HOUSTON – Houston Mayor Sylvester Turner and local officials held a news conference at the University of Houston Monday to announce a competition between Houston-area universities to see which school can register the most students and alumni to receive doses of the COVID-19 vaccine.
Monday is the first day all adults in Texas are eligible for the COVID-19 vaccine. The initiative will be known as the Take Your Best Shot college challenge.
Turner said the Take Your Best Shot challenge is a friendly competition to get as many students vaccinated as possible to stop the spread of the coronavirus. He said as those people wait to get the vaccine, to please get tested in the meantime.

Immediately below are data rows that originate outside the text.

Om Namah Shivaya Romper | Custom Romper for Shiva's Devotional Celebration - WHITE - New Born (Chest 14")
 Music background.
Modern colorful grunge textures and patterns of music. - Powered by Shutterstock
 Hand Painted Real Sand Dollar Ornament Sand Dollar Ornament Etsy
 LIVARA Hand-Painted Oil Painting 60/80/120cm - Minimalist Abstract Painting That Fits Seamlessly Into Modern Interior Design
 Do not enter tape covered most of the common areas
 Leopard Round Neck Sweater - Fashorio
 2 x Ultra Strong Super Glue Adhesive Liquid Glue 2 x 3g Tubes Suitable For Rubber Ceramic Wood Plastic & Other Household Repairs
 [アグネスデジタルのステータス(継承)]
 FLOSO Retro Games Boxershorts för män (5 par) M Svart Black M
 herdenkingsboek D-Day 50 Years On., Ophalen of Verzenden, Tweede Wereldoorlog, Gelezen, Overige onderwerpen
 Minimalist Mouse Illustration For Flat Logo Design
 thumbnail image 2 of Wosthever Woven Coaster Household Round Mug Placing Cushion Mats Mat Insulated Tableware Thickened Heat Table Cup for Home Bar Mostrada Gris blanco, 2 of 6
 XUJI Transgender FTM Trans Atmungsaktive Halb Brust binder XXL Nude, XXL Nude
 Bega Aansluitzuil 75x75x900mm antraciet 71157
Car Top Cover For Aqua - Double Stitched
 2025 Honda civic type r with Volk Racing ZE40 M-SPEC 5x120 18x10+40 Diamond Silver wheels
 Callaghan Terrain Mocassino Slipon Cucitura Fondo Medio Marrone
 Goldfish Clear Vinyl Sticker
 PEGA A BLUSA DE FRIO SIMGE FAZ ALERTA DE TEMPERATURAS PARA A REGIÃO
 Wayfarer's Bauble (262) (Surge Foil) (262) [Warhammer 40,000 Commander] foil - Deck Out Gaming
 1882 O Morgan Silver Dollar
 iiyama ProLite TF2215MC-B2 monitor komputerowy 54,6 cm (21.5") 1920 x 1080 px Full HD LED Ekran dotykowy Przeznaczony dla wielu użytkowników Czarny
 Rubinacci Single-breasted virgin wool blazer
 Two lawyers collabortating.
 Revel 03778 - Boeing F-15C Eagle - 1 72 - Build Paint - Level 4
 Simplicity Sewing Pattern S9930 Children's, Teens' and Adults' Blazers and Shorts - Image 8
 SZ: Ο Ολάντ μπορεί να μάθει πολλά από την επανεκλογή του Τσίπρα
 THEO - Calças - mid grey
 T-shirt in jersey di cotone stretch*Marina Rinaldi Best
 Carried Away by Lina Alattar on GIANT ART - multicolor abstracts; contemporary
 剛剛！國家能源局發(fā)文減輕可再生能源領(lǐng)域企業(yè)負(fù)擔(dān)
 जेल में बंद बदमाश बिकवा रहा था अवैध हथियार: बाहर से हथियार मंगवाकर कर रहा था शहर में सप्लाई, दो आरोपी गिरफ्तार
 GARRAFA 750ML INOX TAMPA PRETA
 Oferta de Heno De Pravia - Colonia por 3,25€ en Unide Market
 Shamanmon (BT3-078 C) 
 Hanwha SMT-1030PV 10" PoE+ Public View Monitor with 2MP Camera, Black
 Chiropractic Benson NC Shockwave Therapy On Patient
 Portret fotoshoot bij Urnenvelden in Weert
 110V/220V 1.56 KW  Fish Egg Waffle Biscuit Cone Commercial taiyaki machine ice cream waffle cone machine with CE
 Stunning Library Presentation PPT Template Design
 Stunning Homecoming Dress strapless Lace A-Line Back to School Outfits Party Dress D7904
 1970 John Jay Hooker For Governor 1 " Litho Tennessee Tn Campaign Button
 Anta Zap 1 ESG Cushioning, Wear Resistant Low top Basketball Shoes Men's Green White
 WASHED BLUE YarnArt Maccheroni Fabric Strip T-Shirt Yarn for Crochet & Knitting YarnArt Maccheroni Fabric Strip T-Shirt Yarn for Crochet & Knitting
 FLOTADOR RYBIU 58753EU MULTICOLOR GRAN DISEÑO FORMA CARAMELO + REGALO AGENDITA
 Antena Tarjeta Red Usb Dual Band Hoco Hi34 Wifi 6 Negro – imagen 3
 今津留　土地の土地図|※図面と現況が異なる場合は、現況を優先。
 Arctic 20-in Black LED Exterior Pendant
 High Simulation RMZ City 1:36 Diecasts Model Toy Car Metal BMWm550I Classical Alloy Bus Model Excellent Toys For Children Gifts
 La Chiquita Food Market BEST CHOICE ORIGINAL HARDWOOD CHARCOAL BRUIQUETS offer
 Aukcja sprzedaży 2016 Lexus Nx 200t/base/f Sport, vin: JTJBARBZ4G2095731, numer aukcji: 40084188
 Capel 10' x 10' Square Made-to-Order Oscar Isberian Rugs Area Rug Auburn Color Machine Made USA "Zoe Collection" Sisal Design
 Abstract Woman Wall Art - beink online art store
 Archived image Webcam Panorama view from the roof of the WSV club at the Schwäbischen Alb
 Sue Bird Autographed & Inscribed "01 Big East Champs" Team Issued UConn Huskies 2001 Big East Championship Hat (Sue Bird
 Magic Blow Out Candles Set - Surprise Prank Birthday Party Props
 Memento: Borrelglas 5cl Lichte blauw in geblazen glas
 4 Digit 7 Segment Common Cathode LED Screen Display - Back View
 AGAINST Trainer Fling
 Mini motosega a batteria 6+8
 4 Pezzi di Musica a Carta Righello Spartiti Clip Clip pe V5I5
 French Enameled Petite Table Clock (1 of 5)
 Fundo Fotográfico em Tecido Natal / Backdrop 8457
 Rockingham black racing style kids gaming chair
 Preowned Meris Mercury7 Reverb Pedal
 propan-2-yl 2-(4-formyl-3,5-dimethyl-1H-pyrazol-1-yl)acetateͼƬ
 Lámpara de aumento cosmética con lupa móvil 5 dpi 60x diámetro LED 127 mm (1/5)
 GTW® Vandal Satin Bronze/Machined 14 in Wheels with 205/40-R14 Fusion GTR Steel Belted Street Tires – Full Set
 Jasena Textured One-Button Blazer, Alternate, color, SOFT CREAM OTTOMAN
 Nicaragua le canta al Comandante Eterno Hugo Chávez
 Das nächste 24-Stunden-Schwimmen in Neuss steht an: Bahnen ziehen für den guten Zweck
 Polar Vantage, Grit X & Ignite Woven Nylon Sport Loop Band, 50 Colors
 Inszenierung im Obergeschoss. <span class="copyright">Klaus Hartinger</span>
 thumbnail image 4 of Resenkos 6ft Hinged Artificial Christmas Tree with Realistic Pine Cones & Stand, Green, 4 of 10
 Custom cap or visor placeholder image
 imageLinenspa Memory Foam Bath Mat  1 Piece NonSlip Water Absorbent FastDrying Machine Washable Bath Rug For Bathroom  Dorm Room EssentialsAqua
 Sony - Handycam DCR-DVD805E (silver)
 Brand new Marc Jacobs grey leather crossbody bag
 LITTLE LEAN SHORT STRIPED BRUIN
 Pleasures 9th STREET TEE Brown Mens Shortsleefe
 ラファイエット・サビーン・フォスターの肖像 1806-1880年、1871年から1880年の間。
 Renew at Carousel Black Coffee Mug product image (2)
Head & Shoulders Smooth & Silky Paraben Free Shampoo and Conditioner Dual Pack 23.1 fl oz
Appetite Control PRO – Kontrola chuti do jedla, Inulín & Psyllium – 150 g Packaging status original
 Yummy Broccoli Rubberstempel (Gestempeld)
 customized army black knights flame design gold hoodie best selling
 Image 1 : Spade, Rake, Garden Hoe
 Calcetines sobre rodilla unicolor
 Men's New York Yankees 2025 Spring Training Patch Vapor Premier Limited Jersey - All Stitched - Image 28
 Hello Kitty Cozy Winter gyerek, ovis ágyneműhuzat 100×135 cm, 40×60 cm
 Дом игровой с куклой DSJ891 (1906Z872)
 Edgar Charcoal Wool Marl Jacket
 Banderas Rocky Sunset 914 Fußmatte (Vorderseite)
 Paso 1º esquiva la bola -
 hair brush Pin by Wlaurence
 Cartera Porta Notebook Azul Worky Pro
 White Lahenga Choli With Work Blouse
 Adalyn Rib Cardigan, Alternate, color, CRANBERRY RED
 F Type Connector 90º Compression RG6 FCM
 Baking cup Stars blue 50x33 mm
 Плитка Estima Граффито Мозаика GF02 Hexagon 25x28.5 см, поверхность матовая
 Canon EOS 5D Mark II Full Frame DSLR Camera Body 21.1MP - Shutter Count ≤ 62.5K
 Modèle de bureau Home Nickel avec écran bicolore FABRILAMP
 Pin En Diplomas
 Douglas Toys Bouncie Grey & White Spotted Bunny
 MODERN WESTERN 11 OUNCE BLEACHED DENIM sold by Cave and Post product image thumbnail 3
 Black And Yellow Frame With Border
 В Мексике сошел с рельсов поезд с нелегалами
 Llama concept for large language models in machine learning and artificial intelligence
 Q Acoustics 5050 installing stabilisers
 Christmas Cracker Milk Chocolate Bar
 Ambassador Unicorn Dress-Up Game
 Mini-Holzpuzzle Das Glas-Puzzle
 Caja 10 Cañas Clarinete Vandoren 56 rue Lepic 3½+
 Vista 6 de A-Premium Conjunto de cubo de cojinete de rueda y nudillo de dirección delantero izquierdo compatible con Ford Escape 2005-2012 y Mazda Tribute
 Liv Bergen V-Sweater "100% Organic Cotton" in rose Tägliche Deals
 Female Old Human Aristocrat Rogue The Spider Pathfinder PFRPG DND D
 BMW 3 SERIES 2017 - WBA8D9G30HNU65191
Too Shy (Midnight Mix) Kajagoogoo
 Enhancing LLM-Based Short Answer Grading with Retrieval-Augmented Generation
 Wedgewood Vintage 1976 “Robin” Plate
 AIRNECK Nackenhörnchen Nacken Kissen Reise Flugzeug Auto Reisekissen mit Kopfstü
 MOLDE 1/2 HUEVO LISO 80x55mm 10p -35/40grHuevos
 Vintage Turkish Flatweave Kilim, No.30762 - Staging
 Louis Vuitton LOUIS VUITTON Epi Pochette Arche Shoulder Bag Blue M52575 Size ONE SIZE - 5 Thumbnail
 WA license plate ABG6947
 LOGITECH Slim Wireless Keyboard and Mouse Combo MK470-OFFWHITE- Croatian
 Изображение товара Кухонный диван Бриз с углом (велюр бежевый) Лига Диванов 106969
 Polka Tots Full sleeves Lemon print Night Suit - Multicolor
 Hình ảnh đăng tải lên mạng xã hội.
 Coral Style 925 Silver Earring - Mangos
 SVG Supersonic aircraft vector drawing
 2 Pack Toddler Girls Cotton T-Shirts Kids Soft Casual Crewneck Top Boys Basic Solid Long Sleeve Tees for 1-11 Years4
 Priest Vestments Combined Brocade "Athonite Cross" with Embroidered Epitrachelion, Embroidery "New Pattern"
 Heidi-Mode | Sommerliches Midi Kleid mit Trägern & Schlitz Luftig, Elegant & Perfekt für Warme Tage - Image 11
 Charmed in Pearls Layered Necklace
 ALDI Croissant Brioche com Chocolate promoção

Rice University said they are still waiting to receive vaccinations from the state in order to offer them to all students and staff. They do not know when that will happen.
The University of Houston
The University of Houston said they’ve vaccinated about 2,200 eligible students, faculty and staff so far.
Texas Southern University
Texas southern university partnered with Baylor St. Luke to administer first and second doses on campus. Register here.
“Some of the pharmacy faculty are actually certified to give vaccinations and immunizations so we’re making sure that everyone is on board and ready to go in case we have a large volume,” said Rashid Mosavin, Dean of College of Pharmacy Health Sciences.
He said they’ve vaccinated thousands of people already since they opened Nabrit Hall for vaccinations in mid-February.
Adlem Anikputa just became eligible Monday and received a vaccine at TSU. He said he has a job in social work and worried about what could happen if he didn’t get a vaccine soon.
“I just want to make sure that I actually have this so I don’t have to be in the hospital. At least if I take the vaccine, there will be less chance of me going to the hospital,” Anikputa said.
The Department of State Health Services said in a press conference Monday, the vaccine is becoming more widely accessible and there are fewer hospitalizations and deaths.